In the years since 2001, people's compassion has gone out the window. The left bashes the right, the red slams the blue, and people who are struggling somehow deserve it. The homeless and hungry don't deserve assistance -- they are weak and lazy. People who are earning minimum wage need to go out and find another job if they can't live on $7.25/hour ($290/week, gross pay).

Years ago, communities used to take pride in the accomplishments of their kids. How many seniors went to college, how many scholarships, how many military academy appointments were numbers about which a whole town would brag. Today, adults talk about how bad kids are, how today's kids are useless, and how they will never spend an extra dime on education.

From people losing their jobs when a factory closes to someone's health crisis, there's always a critic trying to blame those who are suffering. If people would have worked harder, they wouldn't have outsourced the jobs to China or Mexico. If people would just take better care of themselves we wouldn't be paying such exorbitant fees for health care.

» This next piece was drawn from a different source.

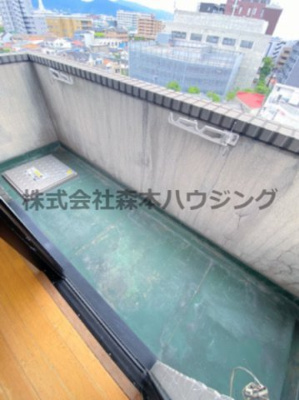 【バルコニー】 | 　ジョイフル寝屋川 | 陽当たり良好なバルコニーです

Basically, the world has become a cold-hearted, mean-spirited, blame-the-victim place. Tough it out, take care of yourself, because no one is going to be there for you. I've got mine, and I don't need anything from anyone, so go away and leave me alone.

Read the comments after stories in the national and local news, and you wonder if you're still living in the same communities that existed before 2001. Could those same people be there? Are people suffering from hardening of the heart, mind and soul?

What happened?

Fueled by a divided political and media atmosphere, people have chosen sides. The undecided have jumped on the bandwagon of political conservatism. The right has become vocal: we need to protect what we have from the 47%. We're losing ground and only by keeping the other half in their place do we stay in ours.

Fear is paramount. We could become them in a heartbeat. We need to protect ourselves from losing anything.

Lost? We've already lost the important stuff. Justice, compassion and goodwill for our fellow man.